FOR IMMEDIATE RELEASE
PR-81-94 (12-15-94)
 

Commercial banks had their best quarter ever during the third quarter of 1994, with preliminary data from the FDIC showing record earnings of $11.8 billion. Profits were $347 million above the previous record of $11.5 billion, set in the third quarter of 1993.

The industry earned $34 billion during the first nine months of 1994, a record for any nine-month period and $1.4 billion ahead of the first nine months of last year. "In all likelihood," FDIC Chairman Ricki R. Tigert said today, "1994 will be another record year for commercial bank profits, above last year's $43.4 billion."

The FDIC cited two main reasons for the record-setting performance during the third quarter:

(1) Strong loan growth, which increased the industry's interest-earning assets and raised the average yields of those assets. Loan growth was led by increases in home mortgages, consumer loans and loans to businesses. Banks reduced their securities holdings for the second consecutive quarter.

(2) A 10-year low in provisions for future loan losses, reflecting continuing declines in troubled loans. Banks charged off $2.4 billion in loans in the third quarter, the smallest level since the first quarter of 1985. They also reduced provisions for future losses to $2.6 billion, the smallest amount since the first quarter of 1984.

Chairman Tigert said the data indicate that "the commercial banking industry has never been in better shape," but as the insurer of banks and thrifts, the FDIC will be monitoring such areas as derivative investments and loan approval standards.

The third-quarter performance results for 10,592 FDIC-insured commercial banks and 2,182 FDIC-insured savings institutions are contained in the agency's latest Quarterly Banking Profile, which is based on quarterly reports of condition and income filed by all insured depository institutions. The latest Profile analyzes bank and thrift performance in the third quarter and during the first nine months of this year. Other highlights follow.

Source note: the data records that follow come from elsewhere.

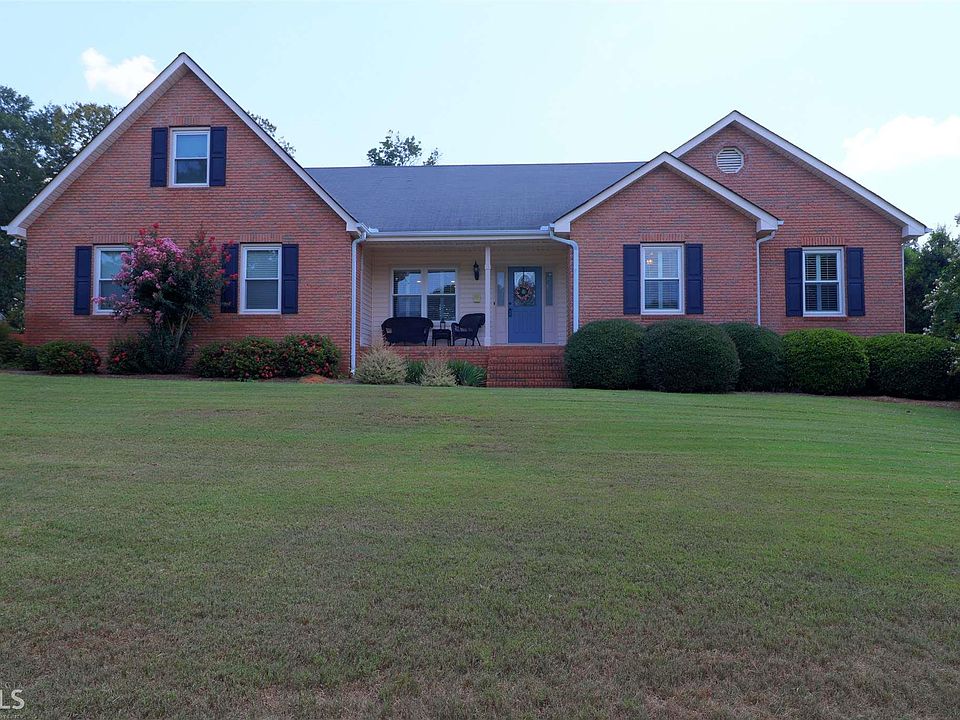 1st image of 542 Heathmoor Dr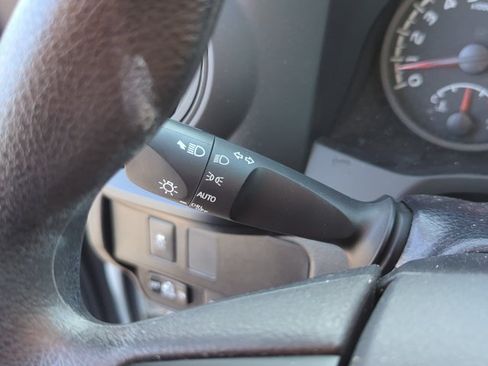 Used 2023 Toyota Tacoma SR AWD/4WD image 15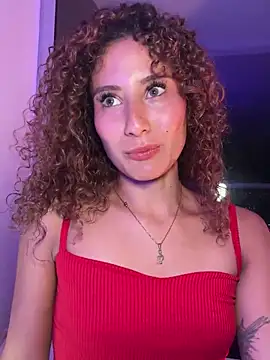 Snapshot of varenkaivanova_22 chatting on 03-19-25, 04:57 varenkaivanova 22 online show from 03-19-25, 04:57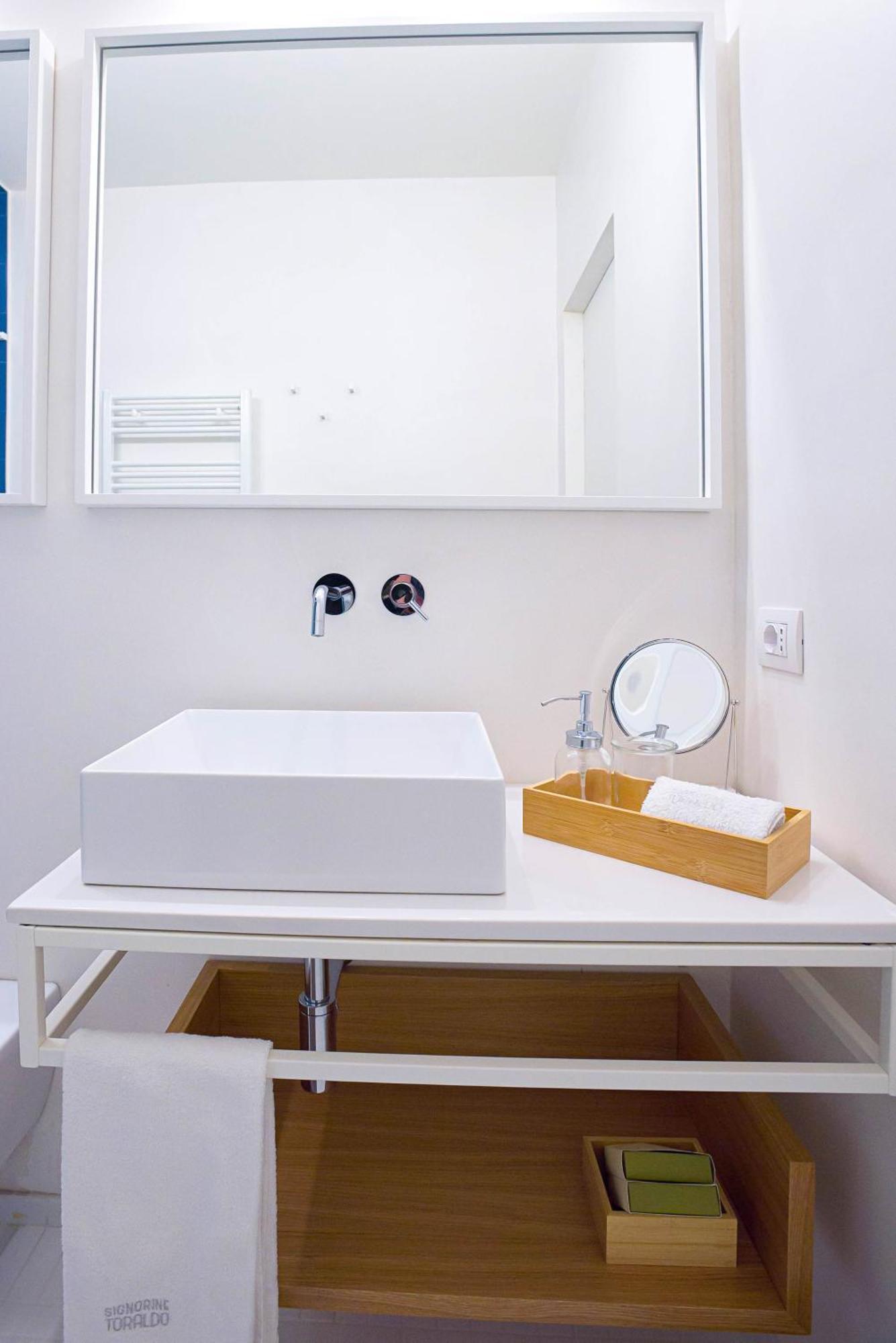 Apartment Real Passeggio - Dimore Partenopee *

Commercial banks: Their average return on assets (ROA) -- a basic yardstick of bank profitability -- rose to an annualized 1.21 percent in the third quarter. That is the third-highest quarterly ROA since banks began reporting quarterly income in 1983. A year ago, the industry's average ROA was 1.28 percent. In the second quarter of 1994, the average ROA was 1.16 percent. Nearly 96 percent of all commercial banks reported a profit for the third quarter of 1994. Seven commercial banks failed in the quarter, bringing the total number for the first nine months of the year to 11. In contrast, 36 commercial banks failed during the first nine months of last year.

Savings institutions: FDIC-insured savings banks and savings and loan associations reported earnings of $2.1 billion in the third quarter, an improvement of $349 million from the previous quarter and $950 million from a year ago. Lower overhead expenses and reduced provisions for future loan losses were the main factors contributing to the earnings improvement. The thrift industry's average ROA rose to an annualized 0.86 percent in the third quarter, from 0.73 percent in the previous quarter and 0.48 percent a year ago. Ninety-three percent of all savings institutions were profitable in the third quarter, and no insured thrift failed during the period. Only two thrifts failed in the first nine months of 1994, while eight failed in the first nine months of 1993.